Supporting > Additive Machining
3D printing in metals
Vixen:
This is a new topic dedicated to 3DP metal printing mainly by outside commercial firms
3D printing has been around for a long time and many of us have our own printer at home. Home brewed filament printing is useful but has it's limitations. There are now a growing number of commercial outfits who offer high precision laser based 3DP printing in both plastics and metals, at competitive prices. The range of printable metals and the quality of the printed items is improving every day and prices are dropping.
There are some model engine parts which are difficult (approaching impossible) to make by traditional methods. For example, thin wall exhaust manifolds (headers) and pipework. I chose to explore the 3DP printed metal route rather than attempt a difficult fabrication. I designed each of the parts in 2D CAD, that's all I have available. Petertha kindly converted my 2D drawings into 3D models and from the 3D models provided me with the .STL printing files.
Almost all of the 3DP printing firms offer an instant quote service: upload a .STL file, select a material and your required quantity, within minutes they send back a price. You can explore all the different materials for comparisons. But beware, not all commercial printers stick with their initial quote, some reassess their quote when you show an interest in ordering some prints.
My current preferred supplier is ProtoTi.com based in Hong Kong. They held to their instant on-line quote. I was very impressed with their prices and service. I placed an order for these parts to be laser printed in Aluminium just before Christmas. 10 days later, a small parcel was delivered to my doorstep containing, a pair of exhaust headers, a pair of coolant pipes and the crankcase breather pipe. Wow, that's impressive by any stretch of the imagination. :o
The coolant and vent pipes have a very thin wall thickness of only 0.8mm whereas the exhaust pipe wall is a little thicker at 1.2mm. All the pipes printed perfectly. They were bead blasted by ProtoTi to produce a casting like appearance. The laser printed aluminium appears to be fused (melted) into one homogeneous part which needs little or no further machine work.
I did notice a slight warping at the ends of long slender exhaust pipes, probably due to cooling after the laser melting process. I guess, a sacrificial bar across the ends of the four flanges would help prevent this movement.

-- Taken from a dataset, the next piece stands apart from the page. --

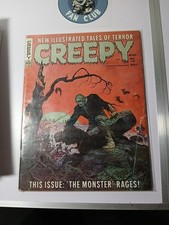 Creepy Magazine Lot Of 10 picture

Overall I am very impressed with the quality and service provided by ProtoTI. 10 days from order to delivery, all for $37 plus $15 for delivery. I will certainly use them again.
Below you can see the coolant pipes and crankcase vent pipes threading their way across the top side of the engine. The side view shows the exhaust manifold loosely in place. There is a slight interference between the rear engine mounting block and the rearmost wiggly down pipe. A few strokes of a file on the engine mount block will sort that out.
That's all for this visit to Vixen's Den
Cheers :cheers:
Mike
Jasonb:
Your pipes are looking good Mike. If you were doing it again would you have used this method for those parts you made the moulds and waxes for and farmed out the investment casting? I bet it would be cheaper.
I also had a similar turn around with parts ordered just before Xmas arriving in 10days. As I only needed the one item I played with the minimum job cost on the instant quote and got six for the ame price as one. Parts arrived Monday and I've just finished the engine.
I would not want to do a whole engine this way as I still enjoy the machining both manual and CNC but treated just like another tool it can be used when it is the most suitable for the job in hand.
Vixen:
Jason
Back in December 1997, when I did all the pattern making, molds and waxes for the Jupiter engine, 3DP was not an available option. The investment casting cost for one inlet manifold was £25 each.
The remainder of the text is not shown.